- _WHAT TO PRODUCE_
Search the entries for the word "Immunohistochemistry" and return every line where it is found.

- _MATERIAL FOR THE TASK_
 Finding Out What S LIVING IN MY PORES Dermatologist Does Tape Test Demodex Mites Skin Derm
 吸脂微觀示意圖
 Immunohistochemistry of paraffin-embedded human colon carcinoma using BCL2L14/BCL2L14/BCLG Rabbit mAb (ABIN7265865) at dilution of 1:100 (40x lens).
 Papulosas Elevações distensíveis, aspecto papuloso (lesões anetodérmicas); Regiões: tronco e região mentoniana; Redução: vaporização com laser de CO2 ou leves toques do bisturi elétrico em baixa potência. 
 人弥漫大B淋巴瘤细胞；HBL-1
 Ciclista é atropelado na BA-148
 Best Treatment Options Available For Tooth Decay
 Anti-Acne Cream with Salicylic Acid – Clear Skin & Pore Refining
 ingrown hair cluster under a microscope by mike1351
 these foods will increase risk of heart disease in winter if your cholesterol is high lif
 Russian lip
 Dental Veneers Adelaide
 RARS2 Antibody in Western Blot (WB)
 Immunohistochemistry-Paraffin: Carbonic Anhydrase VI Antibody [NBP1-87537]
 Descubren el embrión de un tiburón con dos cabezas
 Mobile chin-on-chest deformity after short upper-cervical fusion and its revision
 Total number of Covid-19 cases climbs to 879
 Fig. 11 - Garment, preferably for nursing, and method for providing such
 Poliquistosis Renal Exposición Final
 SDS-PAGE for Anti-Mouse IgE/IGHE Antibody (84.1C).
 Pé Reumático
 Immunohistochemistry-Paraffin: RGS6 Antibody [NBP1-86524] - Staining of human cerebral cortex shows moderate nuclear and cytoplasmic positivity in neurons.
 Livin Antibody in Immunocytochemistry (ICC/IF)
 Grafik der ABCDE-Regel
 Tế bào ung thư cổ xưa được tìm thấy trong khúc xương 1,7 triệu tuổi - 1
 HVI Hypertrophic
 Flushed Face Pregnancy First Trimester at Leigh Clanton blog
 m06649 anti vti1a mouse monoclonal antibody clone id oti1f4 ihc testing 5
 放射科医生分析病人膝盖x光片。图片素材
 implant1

- _RESPONSE AREA_
 Immunohistochemistry of paraffin-embedded human colon carcinoma using BCL2L14/BCL2L14/BCLG Rabbit mAb (ABIN7265865) at dilution of 1:100 (40x lens).
 Immunohistochemistry-Paraffin: Carbonic Anhydrase VI Antibody [NBP1-87537]
 Immunohistochemistry-Paraffin: RGS6 Antibody [NBP1-86524] - Staining of human cerebral cortex shows moderate nuclear and cytoplasmic positivity in neurons.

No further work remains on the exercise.